Which doesn’t make the band’s first proper live album, following on the fine but similarly slightly unsatisfying BBC Sessions compilation Government Commissions, a bad example of the form. Here Mogwai is nothing less than judicious, drawing a track or two from each of its albums and adroitly presenting its entire discography as the consistently fine output of a band always in control of its own sound. For those of us who discounted The Hawk Is Howling, the version of “I’m Jim Morrison, I’m Dead” that starts us off here is revelatory. They hit some of the biggest, fan favourite peaks in the form of “Mogwai Fear Satan” and “Like Herod” (although the immortally great “New Paths to Helicon, Pt. 1” is restricted to vinyl, downloads, and the accompanying DVD). Their selections from the unjustly neglected Mr. Beast — an imperious “Friend of the Night” and a set-closing “Glasgow Megasnake” that serves as proof that these guys have never mellowed — ably explain why that album stands with Mogwai’s best.

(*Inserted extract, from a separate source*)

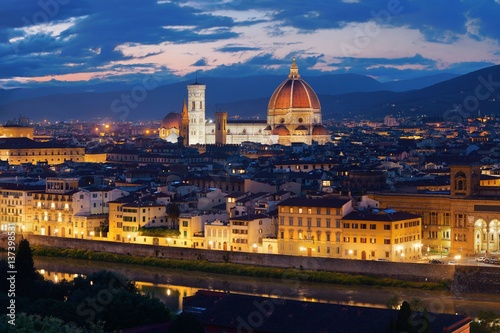 Florence Cathedral skyline night © rabbit75_fot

But Mogwai live, when you’re actually in the room with the group, is a physical force in a way unmatched by almost any other band; the versions here don’t really get at why it is that the first time I heard “Friend of the Night” live, it immediately became one of my favourite songs by Mogwai, or how the immodestly epic “My Father My King” (not included here) can absolutely raze a room to the ground, or just the way that the band is as much ordeal as entertainment. Mogwai is punishing live, but punishingly transcendent, and there’s no way to reproduce not just the scale of its sound, but its effect on a digital download, CD, or LP. When we say, “Why can’t they have taped that show we just saw?,” what we really mean is, “I want some way to have that experience again,” and the simple fact is that you can’t do it. Bands that don’t wield noise and space as ably and devastatingly as Mogwai do have an easier time with live albums, but to do the Glaswegian quintet justice, you’d have to put out a live album in surround sound at immense volume, immersing the listener in what it sounded like in the actual room.
Burning, the Vincent Moon concert documentary included in most versions of Special Moves, accomplishes the difficult task of putting us some ways towards being back in that room. Like Moon’s other music films, it’s not straight concert footage, or anything else: it’s part travelogue, part crowd documentary, part performance fetishization, part rhapsody. When the whole crowd yells at once as a song fully kicks in, you feel for a second not the direct power of the band’s performance, but that power reflected in the crowd’s reaction; that moment on a truly gorgeous version of “New Paths to Helicon, Pt. 1” is enough to justify the DVD, while the rest of the film’s 45 minutes amply demonstrates why Mogwai is such a great live band. If Special Moves itself can’t quite demonstrate the same fact, it comes as close as any album is likely to.